Page history last edited by PBworks 13 years, 11 months ago

Appraising the Role of Luck


About three months ago, I was returning from a visit to CBS, and having driven with a colleague who was headed another way, decided to take the train back to Pasadena. While I was looking at a sign trying to figure out my way in Union Station, I was approached by a kind gentleman who asked if I needed help. He sent me on my way. A few minutes later, I found him again on the platform of the Gold Line. This time, we engaged in conversation, and sat together in the train. He was an American, had worked in Washington, DC, had bet it all and lost it, and gone to become an English teacher in Japan. Now he was in L.A., working in a temporary job as a dentist's assistant and looking for a more permanent job. He seemed to me clearly smart. He had, he said, fallen in hard times: no girlfriend, no permanent job, no good place to live. A far cry from his previous life as a professional in DC, he said. Then he got philosophical: "In the Far East, too much credit is given to chance. But here, too little is --our Western culture forces us to accept the blame for everything that happens to us.

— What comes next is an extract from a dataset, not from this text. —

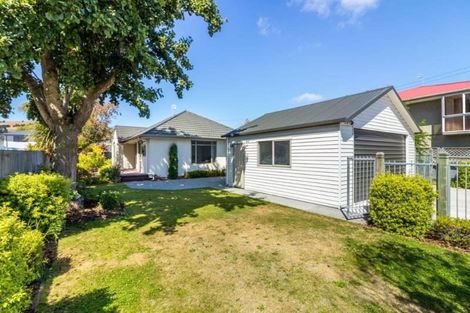 Photo of property in 12 Beckford Road, Saint Martins, Christchurch, 8022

And that is not healthy either." At that point, he realized he had gone past his station, and ran off the train, never to be seen by me again. The man had a point. In order to learn the right lessons, it is important to know what role luck had or did not have in bringing about the events in our lives.


Later that day, one of the engineers in my group approached me with a question: "Alex, I am seeing something very strange. The higher the conversion rate (fraction of clicks that become a sale or other desired event) we see for a keyword, the more our calculations say we need to discount the conversion rate for the probability that it happened by chance!" Although it might seem counterintuitive, this result was correct, as can be easily seen with a couple of examples: Let's say we throw a biased coin (e.g. one with a probability distribution of heads and tails different than 50-50%) a few times, winning $1 for every head and losing $1 for every tail. If we get no heads, we know we have not been lucky at all. The coin might have been biased toward tails, but whatever its probability distribution is, we know luck did not make it seem more biased toward heads than it really is. So any role luck had, if any, must have been to show more tails than would happen on average. Thus, our estimate of the probability distribution of heads and tails will be more biased toward heads than what we actually observed, which was 0% heads. Likewise, if we get all heads, luck certainly played no role against us. If there was any luck, it was for us. Thus, for a given number of coin tosses, our estimate of the underlying probability distribution should assign a larger role to good luck (i.e. discount the observed distribution more) the more favorable the result has been. Which is what the engineer had found.


The two events that day were seemingly very different reflections on the same phenomenon. It is important to correctly appraise the role of luck.